War against ISIS ‘unwinnable’ without troops on ground – SAS veteran

War against ISIS ‘unwinnable’ without troops on ground – SAS veteran
Islamic State (IS, formerly ISIS/ISIL) cannot be beaten without conventional troops on the ground, an SAS veteran who has been filming with Kurdish militias claims.

Former SAS soldier ‘Big’ Phil Campion, whose documentary of his time alongside the Kurds in Iraq and Syria airs on Wednesday night, has claimed that without a ground war the fight against ISIS is doomed to fail.

Airstrikes alone are not enough to win a war like this,” Campion told Sky News on Tuesday. “At some stage somebody’s got to get in the weeds and get messy.

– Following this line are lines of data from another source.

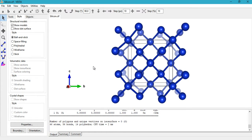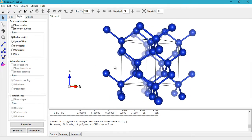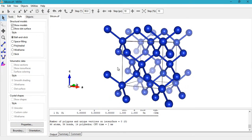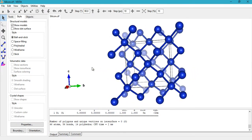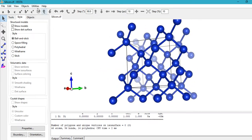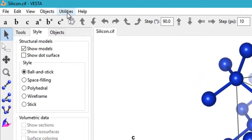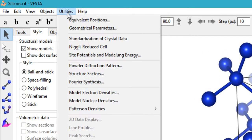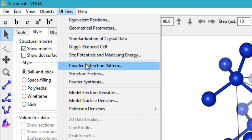So in this tutorial, I'm going to show you how to simulate an XRD pattern, or rather a powder XRD pattern, for your given crystal system. To do that, you need to click on Utilities and then go to Powder Diffraction Pattern.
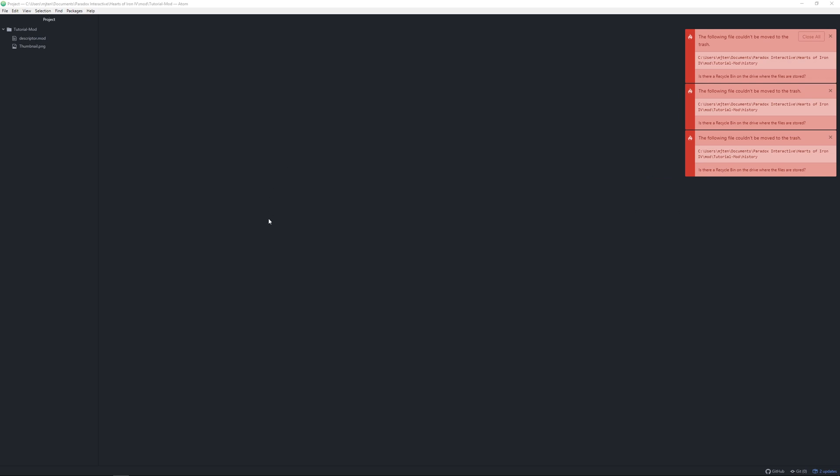Hello guys and welcome back to another modding tutorial. This episode will be on creating custom country leaders.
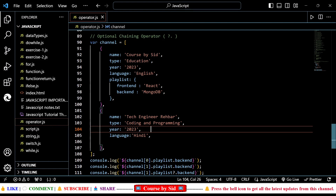Hi, how are you and welcome back to my YouTube channel. Today in this video, I am going to talk about the optional chaining operator in JavaScript. So first of all, let's see how this optional chaining operator in JavaScript looks like.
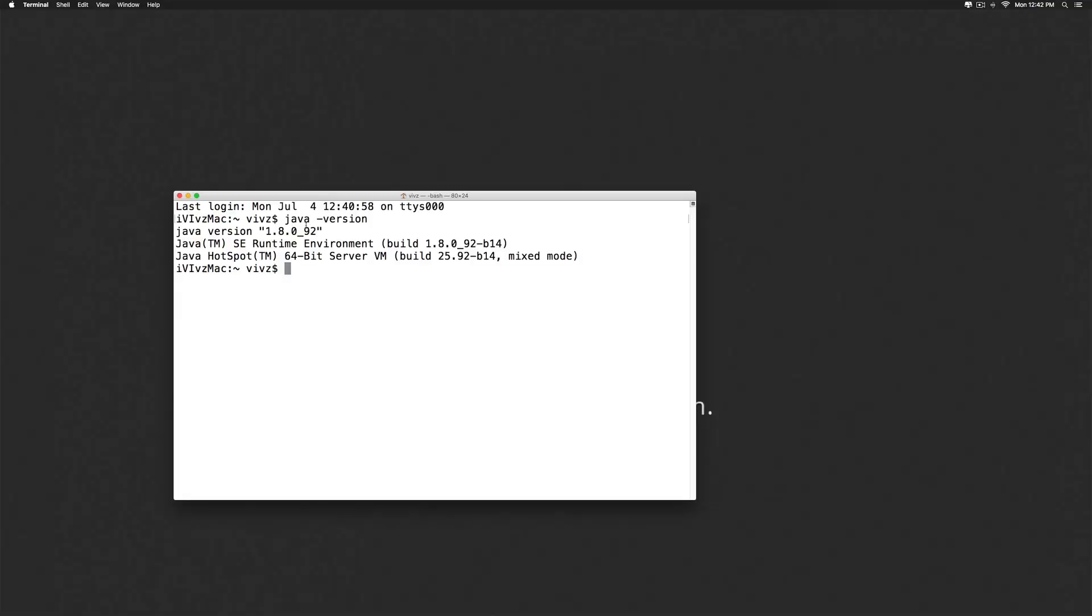So in this video I have shown you how to install Java. In the next video I will show you how to install IntelliJ IDEA on Mac. In the meantime, thanks for watching. I'll see you next time. Have a nice day.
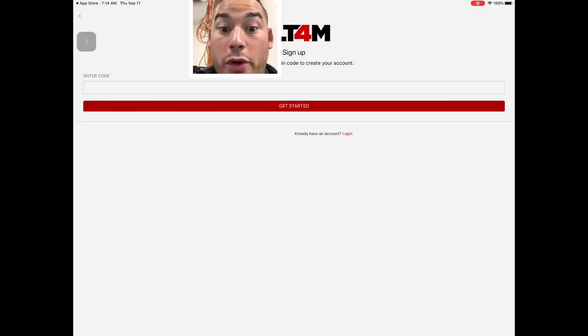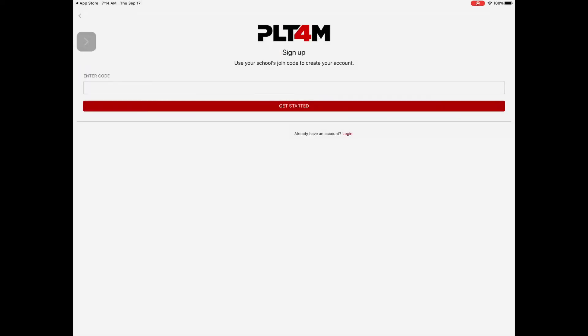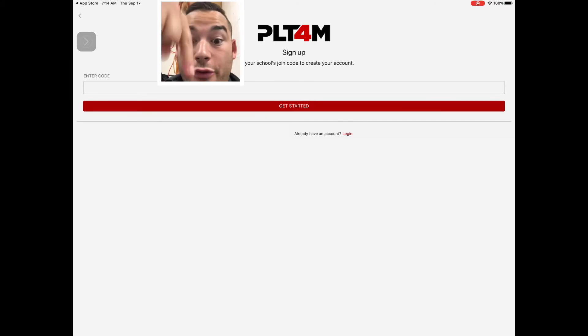Put the code in right here. The Platform code is on the Google Classroom site for physical education.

While admiring the Kurds’ pluckiness, Campion lamented the lack of equipment available to the various ethnic militias which have proved an important bulwark against jihadists who now control large swathes of Syria.

To say that these people need kit is an understatement,” he said. “The only thing that evens this fight up at all is the fact that these guys are so game and willing to fight because otherwise I wouldn’t be here, this would be ruled by IS already.

Air power only does half the job. The Peshmerga or somebody has actually got to go down there and sort it out,” he added.

The Kurdish militias, which have been celebrated for their dogged opposition to IS, were accused of forced relocations and the razing of villages in a report by Amnesty International on Tuesday.

The Autonomous Authority which is led by Syrian Kurdish political party Partiya Yekîtiya Demokrat (PYD) were accused of retaliating against villages perceived to have been sympathetic to extremist groups.

Senior Amnesty officials suggested the actions may amount to “war crimes.

By deliberately demolishing civilian homes, in some cases razing and burning entire villages, displacing their inhabitants with no justifiable military grounds, the Autonomous Administration is abusing its authority and brazenly flouting international humanitarian law, in attacks that amount to war crimes,” Lama Fakih, Senior Crisis Advisor at Amnesty International, wrote in a blog on Amnesty’s website.